Now the absolute reality of measurement outcomes themselves is called into question.
Our results force physicists to deal with the measurement problem head on: either our experiment doesn't scale up, and quantum mechanics gives way to a so-called "objective collapse theory", or one of our three common-sense assumptions must be rejected.
There are theories, like de Broglie-Bohm, that postulate "action at a distance", in which actions can have instantaneous effects elsewhere in the universe. However, this is in direct conflict with Einstein's theory of relativity.

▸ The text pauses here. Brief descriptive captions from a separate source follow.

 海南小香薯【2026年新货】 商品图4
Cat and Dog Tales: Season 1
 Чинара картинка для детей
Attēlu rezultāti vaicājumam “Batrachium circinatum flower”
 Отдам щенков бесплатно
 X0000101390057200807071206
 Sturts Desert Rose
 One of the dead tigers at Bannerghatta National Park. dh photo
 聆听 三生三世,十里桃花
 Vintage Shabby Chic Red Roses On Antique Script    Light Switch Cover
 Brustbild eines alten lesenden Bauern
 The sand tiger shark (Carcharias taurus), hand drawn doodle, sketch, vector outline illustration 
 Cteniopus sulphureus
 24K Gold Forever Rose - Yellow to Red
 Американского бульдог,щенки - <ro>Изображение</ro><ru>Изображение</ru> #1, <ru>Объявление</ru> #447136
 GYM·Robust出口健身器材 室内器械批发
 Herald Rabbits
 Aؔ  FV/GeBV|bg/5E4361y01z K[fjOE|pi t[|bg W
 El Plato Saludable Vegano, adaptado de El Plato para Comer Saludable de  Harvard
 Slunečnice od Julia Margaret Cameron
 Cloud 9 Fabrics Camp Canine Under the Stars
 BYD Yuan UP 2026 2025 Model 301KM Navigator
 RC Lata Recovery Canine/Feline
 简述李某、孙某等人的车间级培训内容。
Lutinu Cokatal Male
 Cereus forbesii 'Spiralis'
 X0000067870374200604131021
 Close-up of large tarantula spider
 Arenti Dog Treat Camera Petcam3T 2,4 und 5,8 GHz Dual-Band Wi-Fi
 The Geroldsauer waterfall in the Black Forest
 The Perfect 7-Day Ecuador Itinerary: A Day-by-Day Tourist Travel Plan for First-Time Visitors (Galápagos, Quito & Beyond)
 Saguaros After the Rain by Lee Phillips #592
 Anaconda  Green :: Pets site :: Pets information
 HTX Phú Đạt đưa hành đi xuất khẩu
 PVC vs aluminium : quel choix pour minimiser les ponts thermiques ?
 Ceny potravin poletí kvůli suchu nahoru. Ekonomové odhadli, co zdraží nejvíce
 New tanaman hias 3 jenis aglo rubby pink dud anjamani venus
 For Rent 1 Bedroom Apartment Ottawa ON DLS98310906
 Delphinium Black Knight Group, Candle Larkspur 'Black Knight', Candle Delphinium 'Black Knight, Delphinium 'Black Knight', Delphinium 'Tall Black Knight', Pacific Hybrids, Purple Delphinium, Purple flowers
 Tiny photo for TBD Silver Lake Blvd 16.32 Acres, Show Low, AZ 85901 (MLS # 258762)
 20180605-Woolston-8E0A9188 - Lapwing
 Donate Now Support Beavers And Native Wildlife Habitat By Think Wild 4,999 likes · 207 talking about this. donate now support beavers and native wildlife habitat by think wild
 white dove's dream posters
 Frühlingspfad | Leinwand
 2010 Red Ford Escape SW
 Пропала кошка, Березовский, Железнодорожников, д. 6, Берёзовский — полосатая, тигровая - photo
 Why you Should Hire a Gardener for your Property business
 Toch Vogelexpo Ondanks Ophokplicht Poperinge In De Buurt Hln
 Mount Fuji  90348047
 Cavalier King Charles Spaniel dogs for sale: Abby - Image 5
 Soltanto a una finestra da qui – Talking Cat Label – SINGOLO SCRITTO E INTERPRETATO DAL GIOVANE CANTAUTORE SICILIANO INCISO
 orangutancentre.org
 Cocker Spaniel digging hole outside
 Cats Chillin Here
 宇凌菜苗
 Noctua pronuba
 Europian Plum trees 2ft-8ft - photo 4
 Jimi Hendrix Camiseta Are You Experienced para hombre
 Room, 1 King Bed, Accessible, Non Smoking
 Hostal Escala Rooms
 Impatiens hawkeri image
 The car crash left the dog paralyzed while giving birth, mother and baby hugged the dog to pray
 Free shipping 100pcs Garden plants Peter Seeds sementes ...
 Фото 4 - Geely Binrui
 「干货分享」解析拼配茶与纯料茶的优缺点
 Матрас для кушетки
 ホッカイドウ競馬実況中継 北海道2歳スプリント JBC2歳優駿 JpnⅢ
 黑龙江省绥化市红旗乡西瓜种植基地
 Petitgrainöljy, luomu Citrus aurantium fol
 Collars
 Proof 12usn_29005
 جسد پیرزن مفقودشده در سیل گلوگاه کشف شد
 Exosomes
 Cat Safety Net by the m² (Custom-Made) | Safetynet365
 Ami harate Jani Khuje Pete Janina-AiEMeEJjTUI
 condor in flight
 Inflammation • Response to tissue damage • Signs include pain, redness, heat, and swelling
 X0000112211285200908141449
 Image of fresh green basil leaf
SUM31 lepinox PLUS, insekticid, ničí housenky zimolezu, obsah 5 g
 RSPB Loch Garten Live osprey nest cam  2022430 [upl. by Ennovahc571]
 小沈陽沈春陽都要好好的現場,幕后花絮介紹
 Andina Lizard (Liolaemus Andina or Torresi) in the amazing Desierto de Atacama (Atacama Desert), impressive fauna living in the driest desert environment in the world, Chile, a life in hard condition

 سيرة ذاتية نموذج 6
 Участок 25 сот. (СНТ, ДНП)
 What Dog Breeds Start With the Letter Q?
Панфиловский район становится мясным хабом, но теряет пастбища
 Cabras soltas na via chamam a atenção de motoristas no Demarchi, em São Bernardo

Another way to resolve the conflict could be to make Einstein's theory even more relative. For Einstein, different observers could disagree about when or where something happens — but what happens was an absolute fact.
However, in some interpretations, such as relational quantum mechanics, QBism, or the many-worlds interpretation, events themselves may occur only relative to one or more observers. A fallen tree observed by one may not be a fact for everyone else.
All of this does not imply that you can choose your own reality. Firstly, you can choose what questions you ask, but the answers are given by the world. And even in a relational world, when two observers communicate, their realities are entangled. In this way a shared reality can emerge.
Which means that if we both witness the same tree falling and you say you can't hear it, you might just need a hearing aid.